Some levers to pull - Build you team - Purple morphsuits - Knowledge fairs - Speed dates
Last week, in a series on knowledge management (KM), I started to talk about how you can bring a knowledge management strategy to life – how you can move beyond the soundbite to a set of coherent decisions and practices in this area. By doing so, you will elevate your professional services company out of the mediocre masses to one that is genuinely set to deliver greater value to your clients, to exceed in your market and to scale efficiently. Having covered some primary components – a decision as to the dominant KM philosophy (codification – or – personalisation) you subscribe to, the key foundations and enablers of such a strategy – this week, we start to explore some practical knowledge management levers (i.e. ideas, practices, tools). It is these levers that, ultimately, impact your day-to-day operational practices.
The schematic in last week’s blog referred to eight such knowledge management levers. Of course, there is no magic number here; rather, I just intend to serve up some ideas as to the type of initiatives you could invest in. As it happens, the list below describes fairly accurately the KM investment we initiated at Moorhouse to aid its scaling from singleton start-up to a £multi-million business. All I would say up front is that it is better to do a few of these well than to set off on too ambitious a spread of sub-initiatives that peter out over time: so you may want to think about a subset of these if you are early in the scaling up journey. Conversely, you should not be unambitious as it this this level of holistic effort that really helps differentiate a professional service company from its competitors – building critical new capabilities of value.
The eight levers I am going to unpack are as follows:
Lever 01: Form a KM team
Lever 02: Run regular knowledge fairs
Lever 03: Develop a who-knows-what directory
Lever 04: Systematic development of your intellectual property (IP)

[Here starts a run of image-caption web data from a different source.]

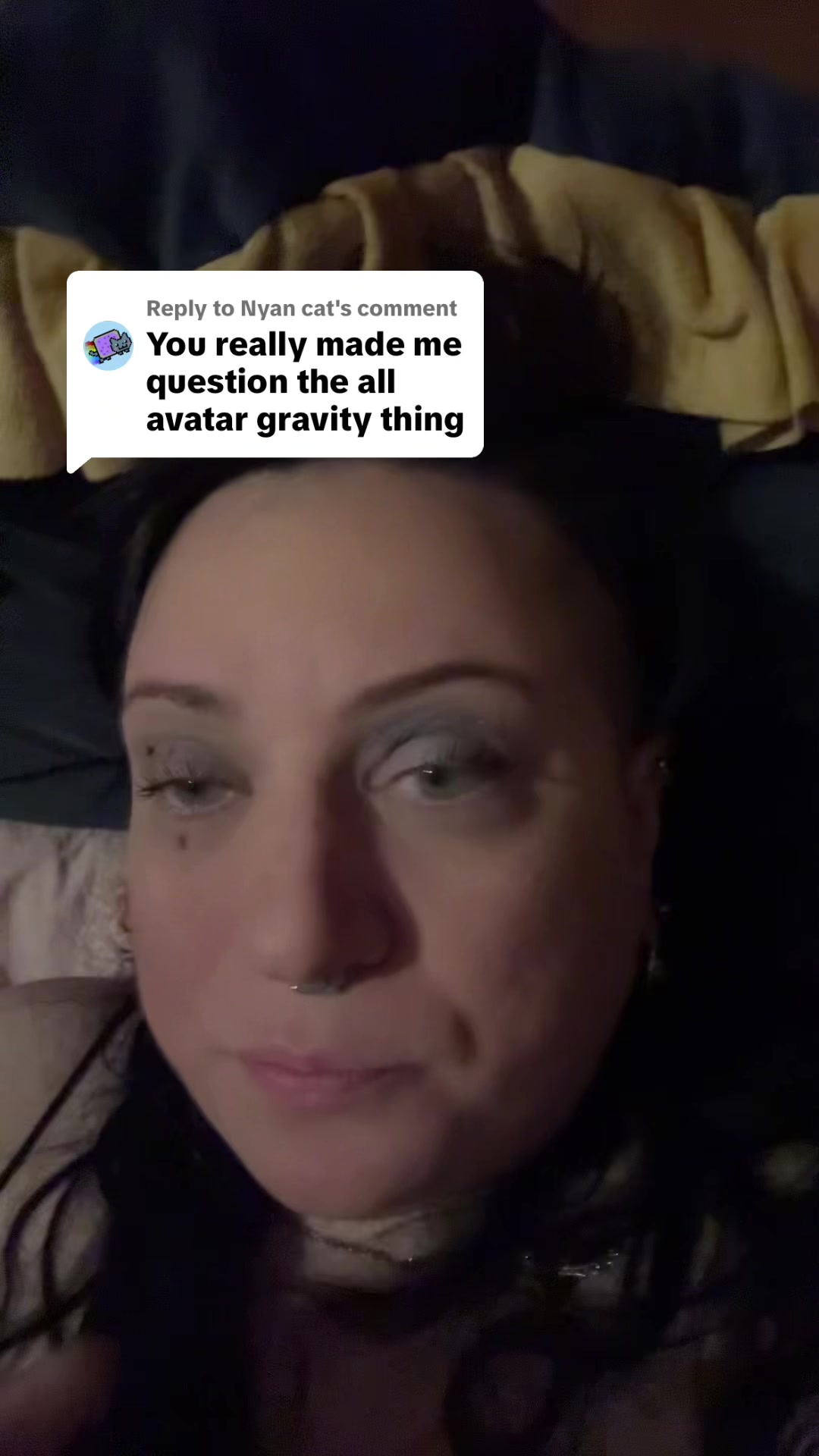 @ThePeopleWhoStalkMeareRWorded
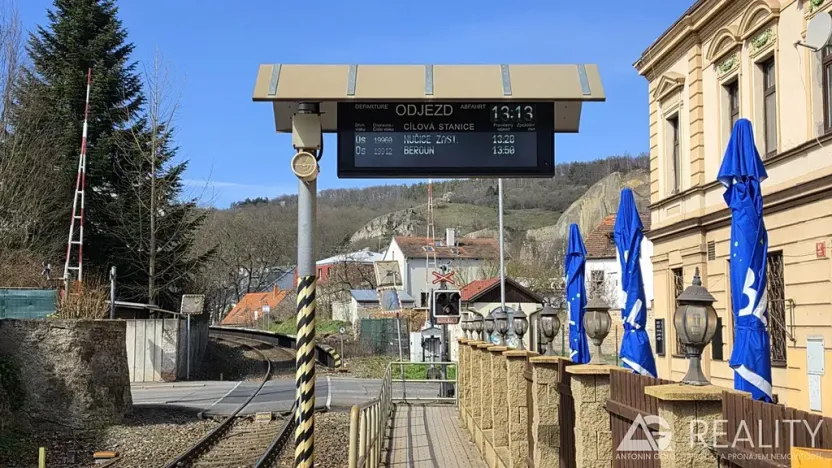 Prodej bytu 3+kk, Praha - Hlubočepy, Pod Žvahovem, 88 m2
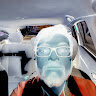 TElefter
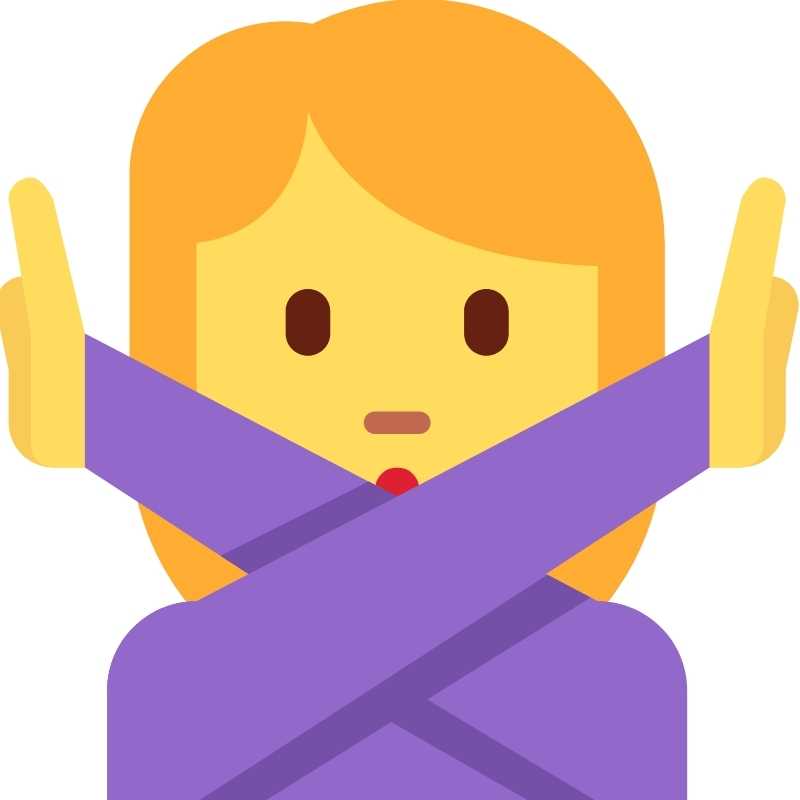 Hate Facebook? Here are 5 Things You Need To Know About The MeWe Social Network | 16 perverts on mewe social network app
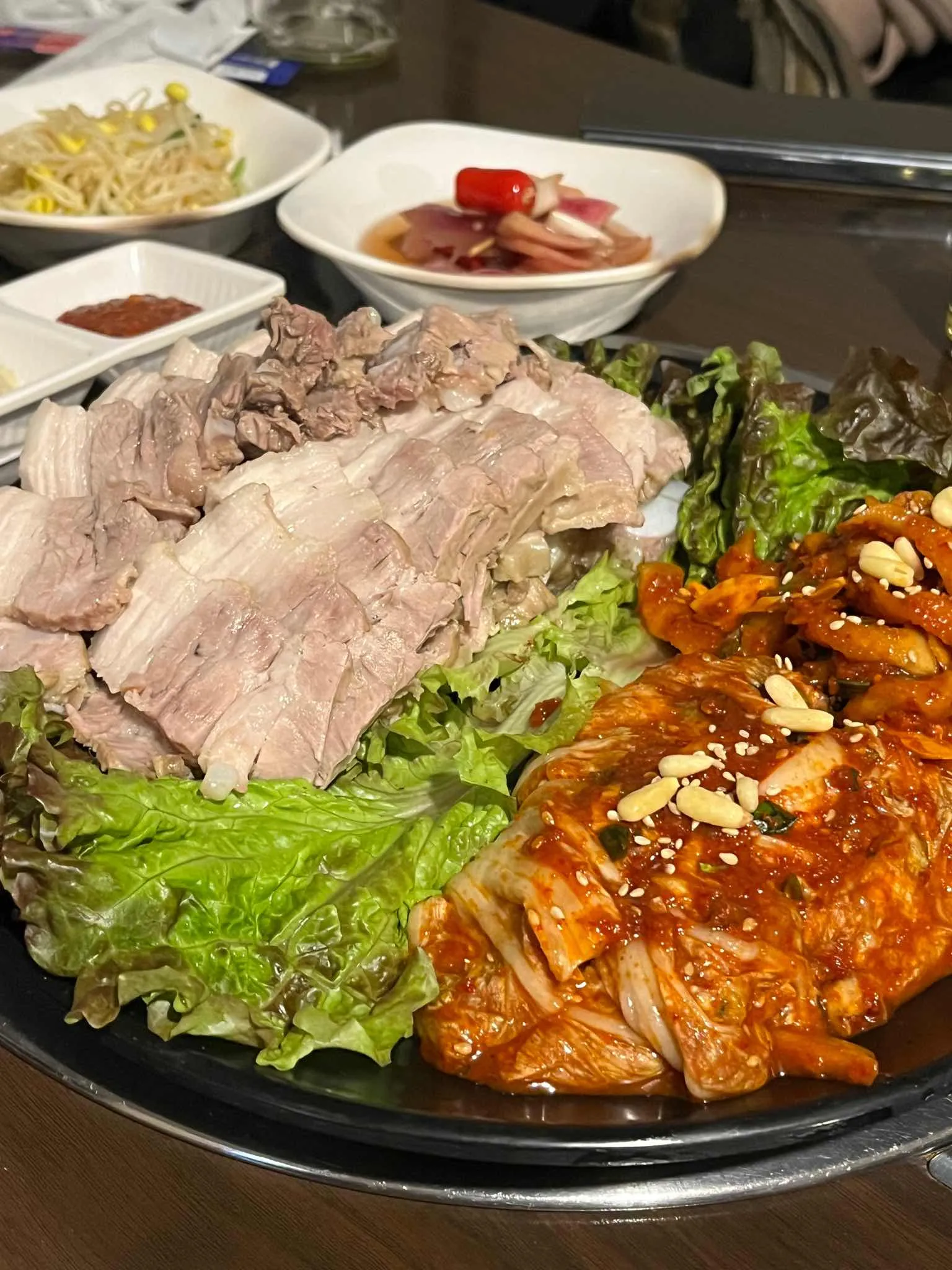 대표 사진 2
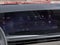 2027 Cadillac Escalade ESV Sport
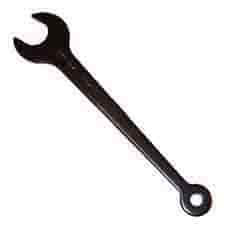 Ridgid 670346001 15/16  Wrench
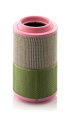 Vzduchový filtr MANN C22526 (MF C22526)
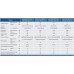 Кондиционер GREE GWH09QB-K6DND2E Lomo Wi-Fi Inverter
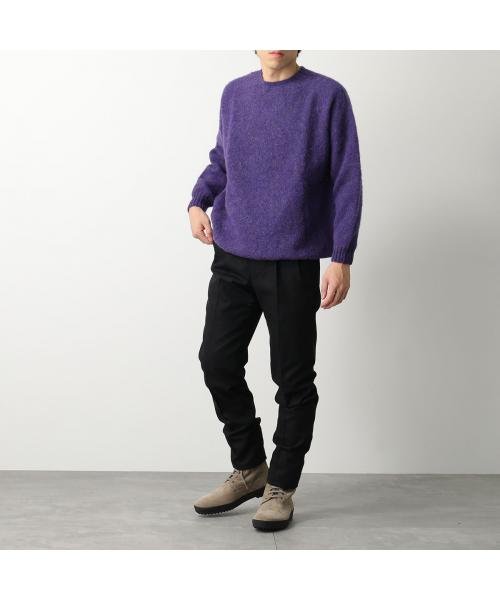 TODS ブーツ WINTER GOMMINI XXM0HW00500 TODS ブーツ WINTER GOMMINI ゴンミーニ ウィンター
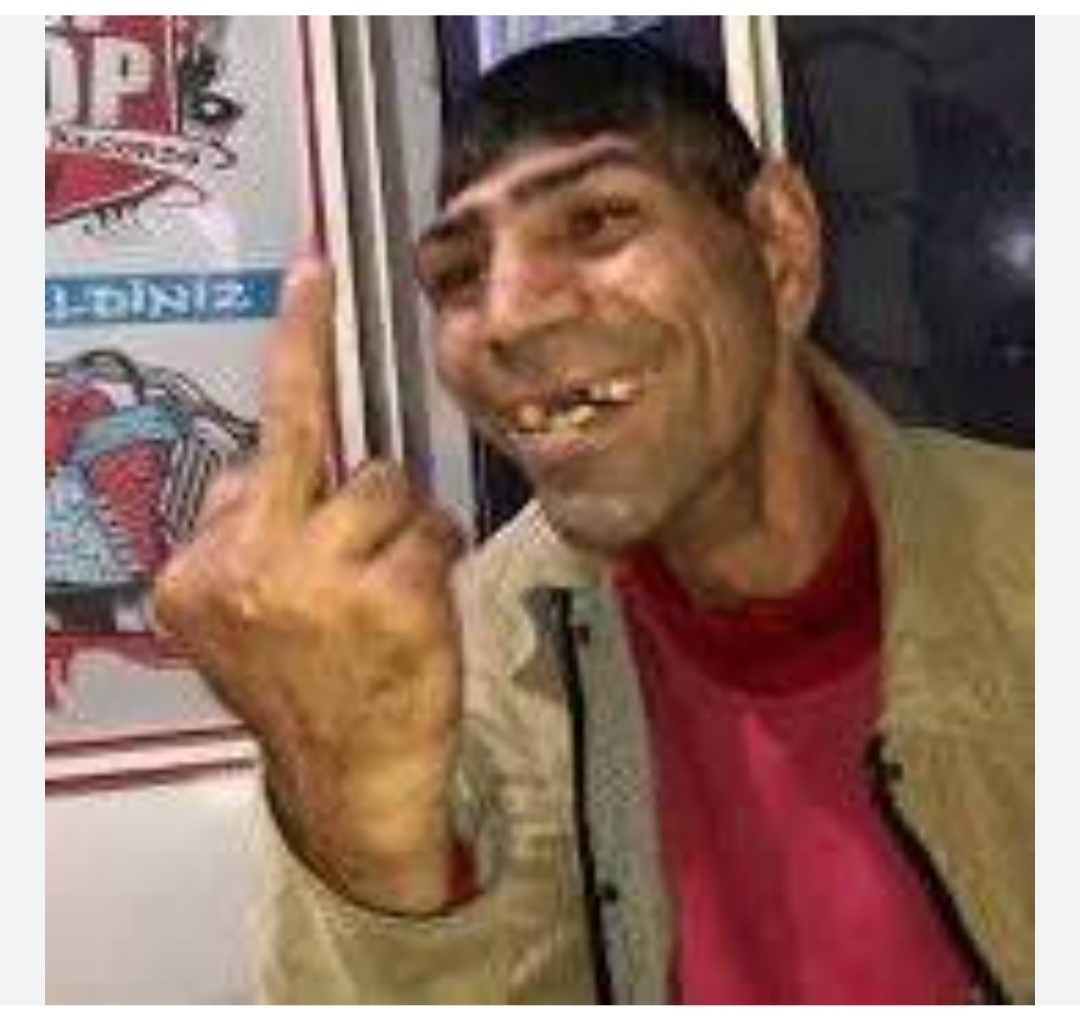 Ercan
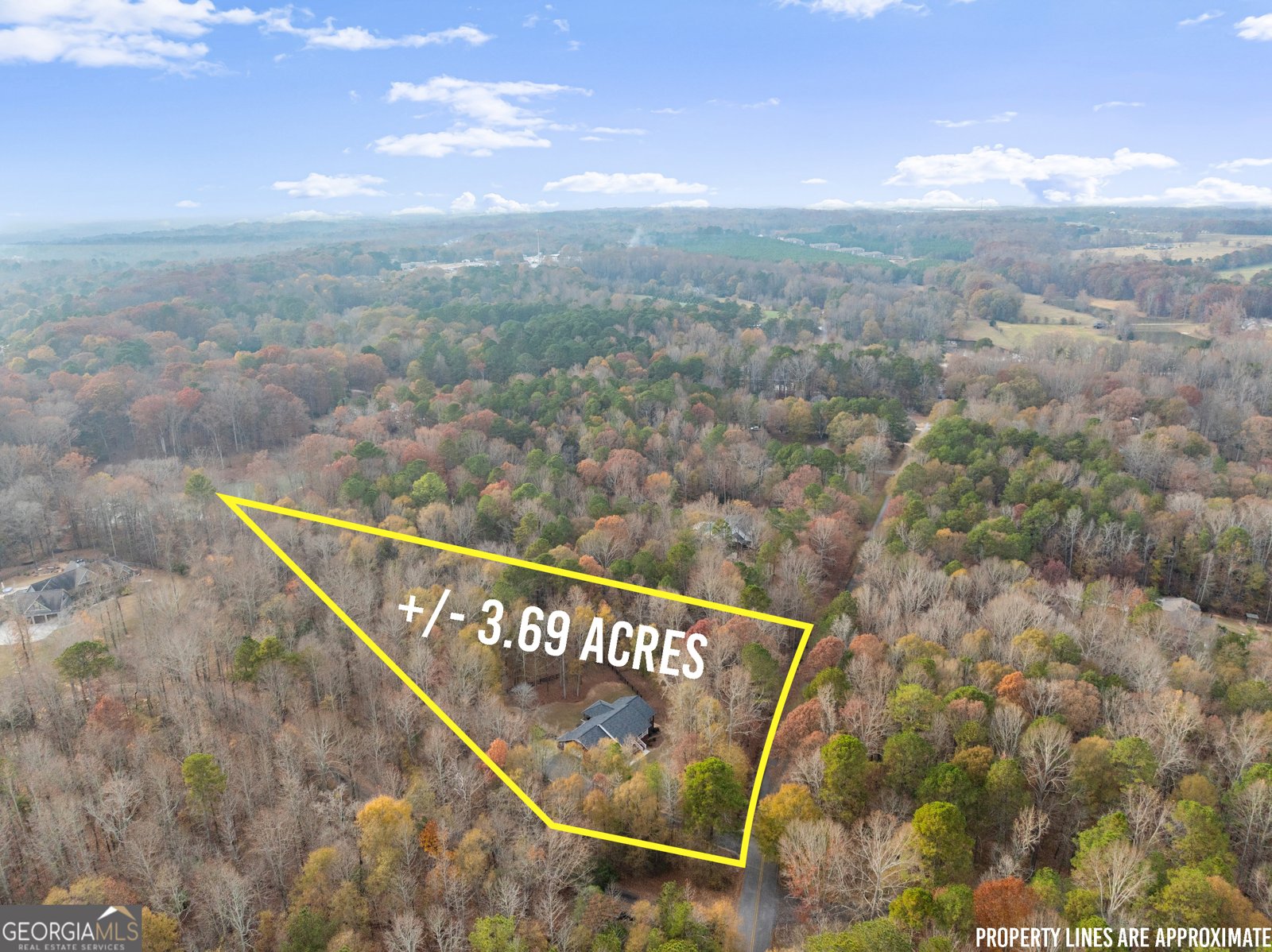 352 Lakeshore Drive Jefferson - 7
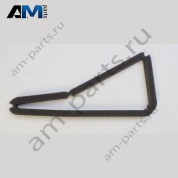 Уплотнитель Volkswagen Caddy 2021-2024 2K7820061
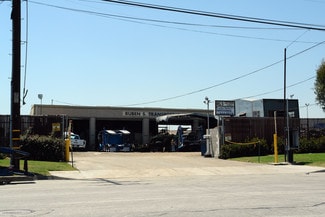 More details for 12027 Greenstone Ave, Santa Fe Springs, CA - Industrial for Lease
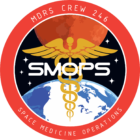 SMOPS_logo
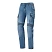 SQUARE-II-BLUE-1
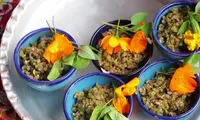 «جوکول» چه تنقلاتی است؟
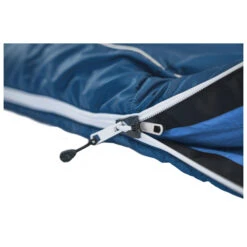 Grüezi Bag Biopod Downwool Hybrid Cotton Comfort - Daunenschlafsack -Outwell Verkaufs-Shop grueezi bag biopod downwool hybrid cotton comfort daunenschlafsack detail 5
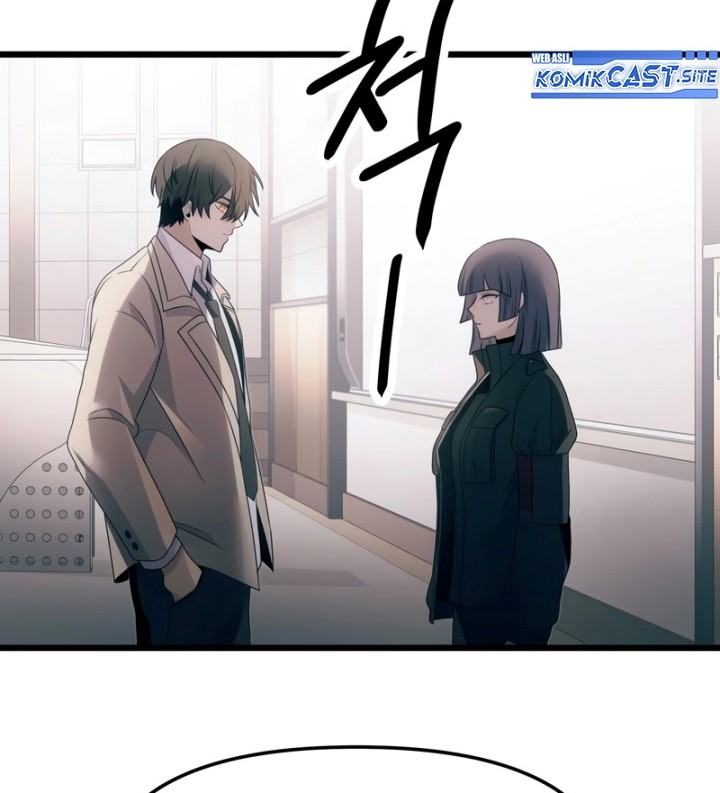 Chapter 55 - halaman 38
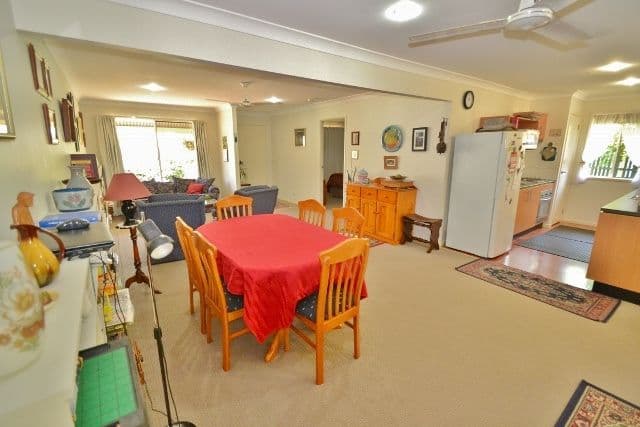 1 Dawn Court, LANDSBOROUGH QLD 4550, Landsborough - Thumbnail 7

Lever 05: Develop and curate your knowledge repositories – tactical/strategic
Lever 06: Organizational learning and aligning your KM and HR strategies
Lever 07: Undertake regular KM audits
Lever 08: Regular staff communication
This essay will detail the first two and we will continue on the journey with the remainder next week.
Knowledge Management Levers | Capturing them in your KM Strategy
If this blog series has inspired you to initiate a KM initiative then I encourage you to detail the levers you will invoke within your newly-penned KM Strategy document. A simple template to adopt here might be:
- Lever Title
- Current Capability – an honest description as to where you are starting from
- Lever Description – a few paragraphs describing what this lever involves
- Best Practice Examples – look outwards to research organizations doing this really well – if you can find such exemplar reference points make note of them here
- Objectives – a short set of time-bound deliverables (say for next 12 months) that demonstrably take this lever forward
- Team – detail the team working on this aspect with clear single-person lead accountability
Ok; let’s get going …
Lever 01: Form a KM team
First off, you need to assign a team to the task of bringing KM to life in your business. One way of doing this is to have a rotating KM Lead – say for a one-year tenure – working with a small team of colleague volunteers. The cultural expectation in your organization should be that everyone contributes to firm-building activity as well as client delivery; certainly it is this level of wider contribution that marks colleagues out for promotion and in-year bonuses. The idea of rotating tenure, however, ensures that momentum is maintained – new energies and ideas are constantly brought to bear.
This team – well led – should be empowered to craft the KM Strategy and bring it to life. If you have the luxury of growing to a certain size (typically 100+ staff) you may want to consider a full-time KM professional. On the journey to such a sized business, however, it will inevitably be a well-motivated, part-time team that oversees your knowledge management levers.
An appointed KM Manager should be given two pieces of advice: to run the initiative as a scoped project (clear deliverables, regular progress checkpoints etc) and to inject their own personality and sense of fun into the endeavour. Knowledge management can be viewed as a somewhat stuffy (academic) endeavour by some – the key is to humanise it.
To illustrate: Scott, a very talented consultant at Moorhouse, memorably reinforced the impact of KM communications during his one-year tenure as the initiative lead by always dressing up in a purple morphsuit (changing into his pseudo alter ego: “KM man”) to deliver his missives at firm events. This will probably be a cultural-stretch for many but the point is there for all – this needn’t be a dry change initiative!
Figure: Not your conventional knowledge manager!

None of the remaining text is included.